Gay recounted her mother’s inspiring experience as a Haitian immigrant in Boston during Wednesday morning prayers at Memorial Church in Harvard Yard.
Gay, who resigned amid controversies stemming from the Israel-Hamas war, campus antisemitism, and allegations of plagiarism in her scholarly works, remains a professor at the Ivy League institution.
She said her mother emigrated from Haiti “buoyed by a clear and urgent vision for her future,” and an agency placed her with a family in the Boston area, for whom she served as a live-in nanny with the understanding that they would help enroll her in English language courses, but the agreement was never honored.

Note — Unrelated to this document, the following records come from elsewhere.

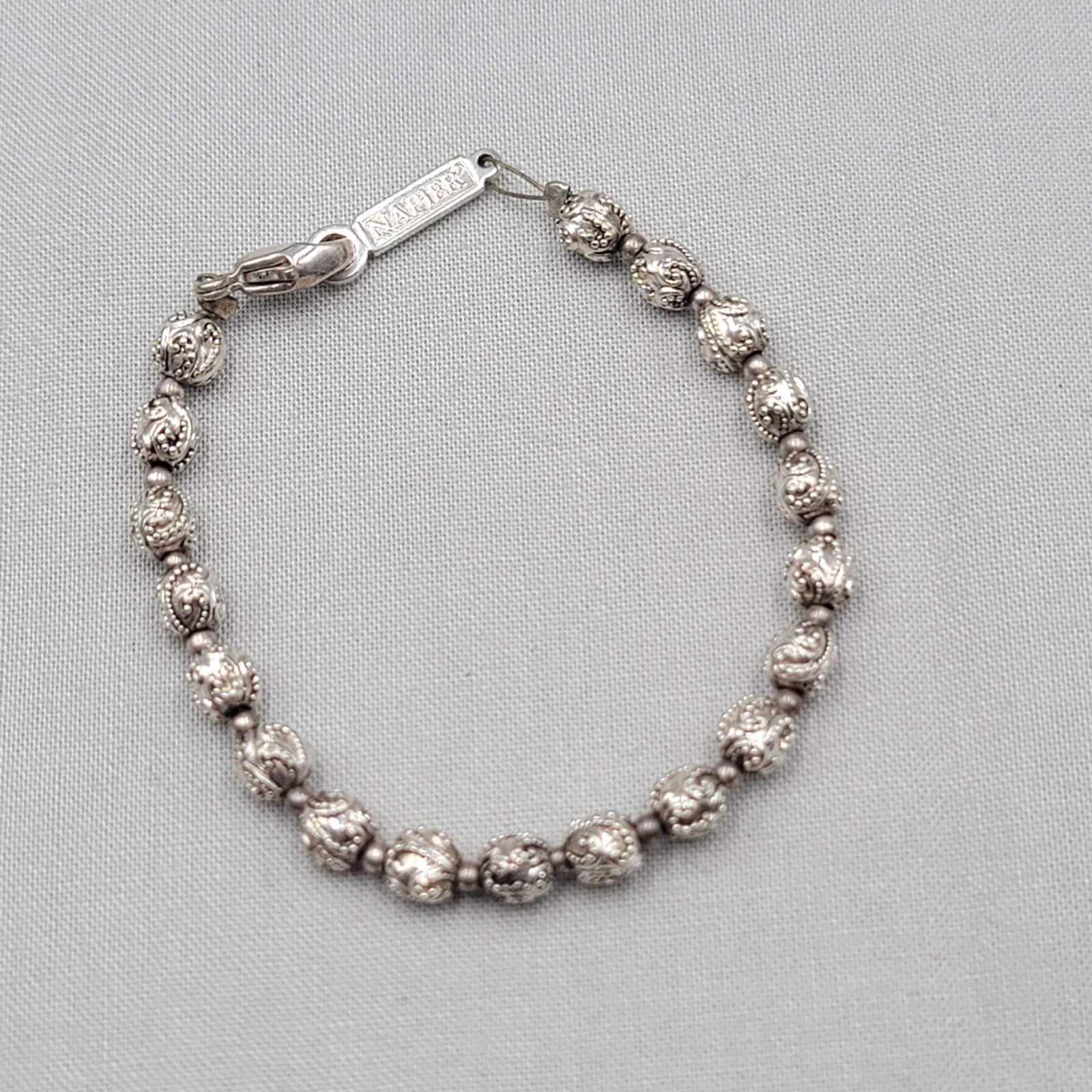 Vintage Napier Embossed Silver tone Bead Bracelet 6.75″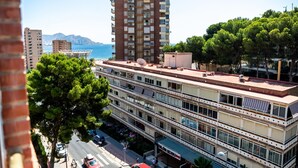 A multi-story building with balconies, a street view, and a clear sky. - Deluxe Apartment, 3 min from the beach (Benidorm)
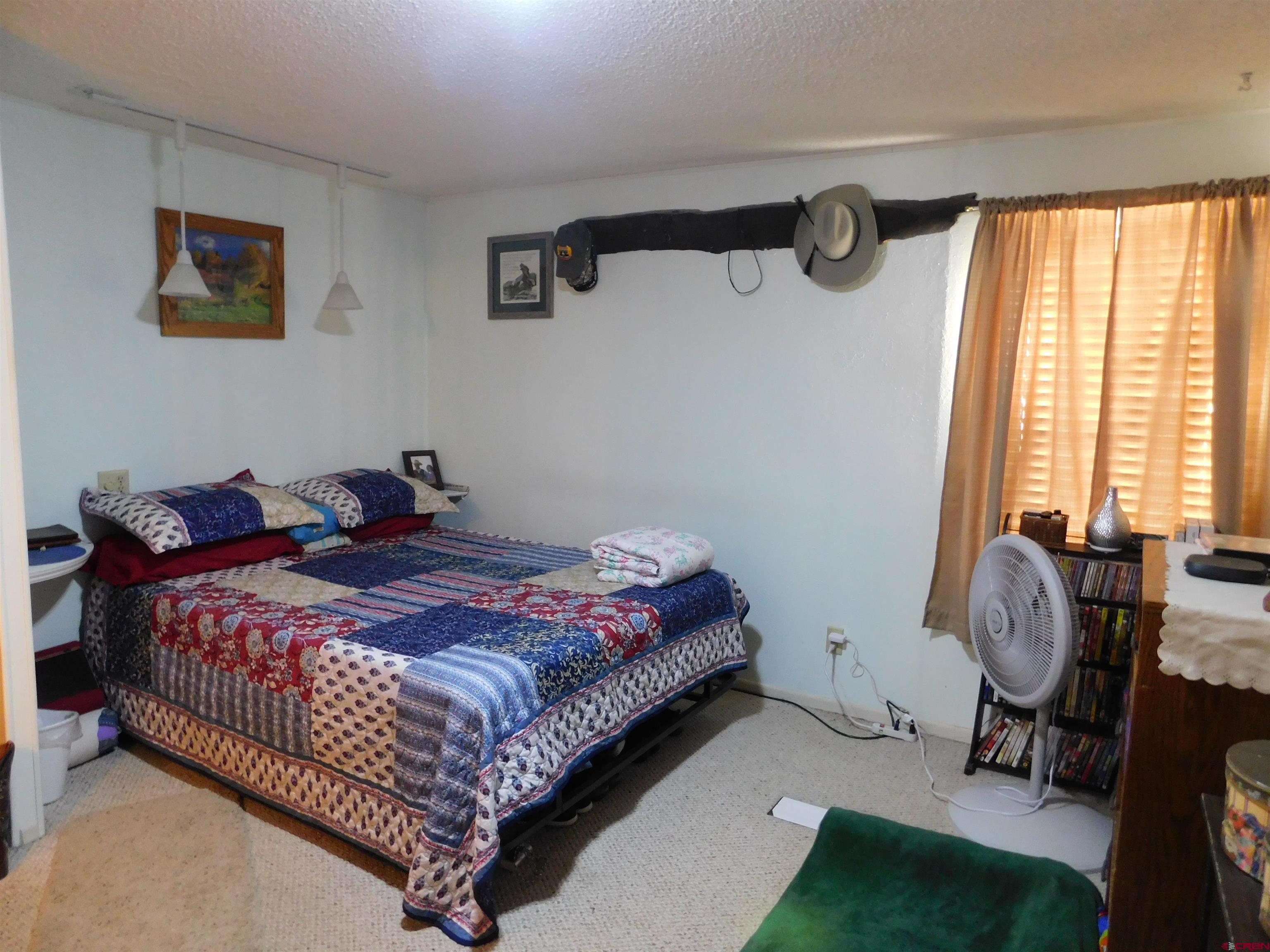 23300 Rd X Lewis, CO 81327 - Photo 17 of 44 a bedroom with bed and a window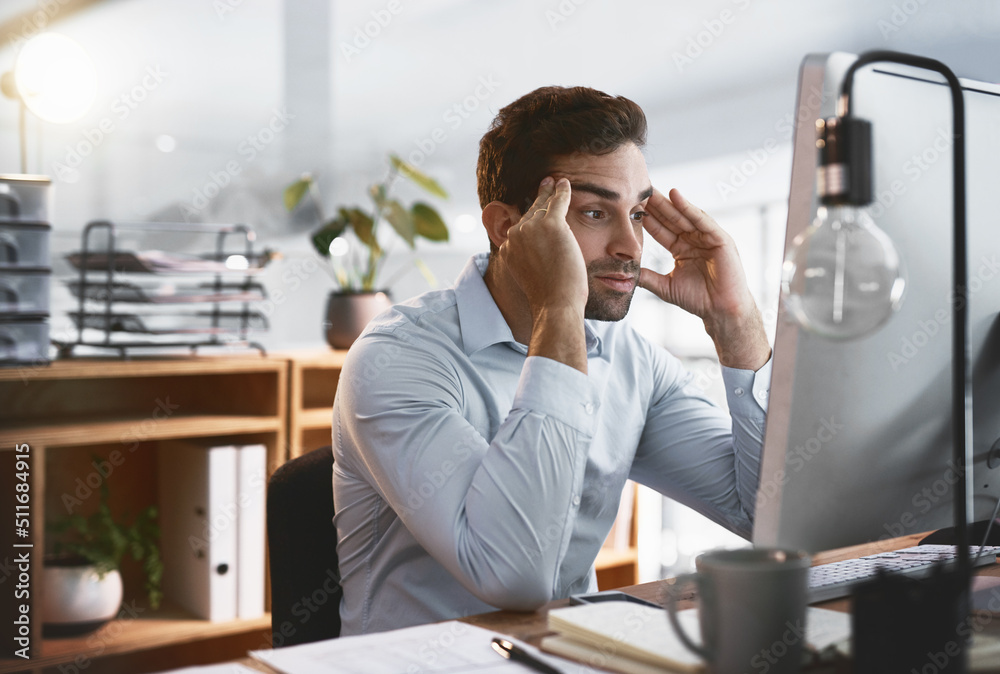Poster im trying so hard not to lose my mind. shot of a young businessman looking stressed out while workin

“It was not long before she realized that the family did not share her vision,” Gay said, according to a transcript of her remarks published by Harvard Magazine. “Her household responsibilities expanded. Her freedom of movement diminished. Her questions about ESL courses went unanswered. All of the assurances that had emboldened my mother to leave Haiti were swept aside in an effort to impose what felt, at best, like indentured servitude.”
Gay said her mother quietly began making plans to leave the family and join her sister in New York. She began making weekly trips to the post office to mail small packages of her belongings to her sister’s home in Brooklyn.
“Eventually, a day arrived when she set out for her weekly errands, carrying nothing more than her purse, and this time walked past the post office and continued on to the bus station where, heart racing and determined, she boarded a Greyhound for New York to begin again,” Gay said.
When Gay heard this story as a child, she said she viewed it as “an epic adventure story” and was “captivated mostly by the subterfuge and [her mother’s] cleverness,” but as she grew older, “the adventure receded as the focal narrative.”
“I wondered instead about how she decided what to send ahead and what to leave behind. What was important to her, what mattered most for her future,” Gay said.
Gay’s mother died last May, and she previously spoke about her in remarks at the church last September. On Wednesday, Gay said she has been reflecting on her mother’s journey in recent months, “about her resilience through setbacks, about the courage to pursue a bold vision for her future despite forces intent on her diminishment, about the hope that allowed her to begin again.”
She said she now sees her mother’s story “less as entertainment” but rather as “a reminder of what lies within us in out-ofthe-way places of the heart, and what may lie ahead if we dare to let go of the past and trust in the process of renewal.”
“As I stand on the threshold of a new chapter, I miss my mother’s voice, but I find comfort in the knowledge that I am my mother’s daughter with her resilience, courage, and hope, with a soul that delights in beginnings, and that is enough to step into the unknown with confidence.”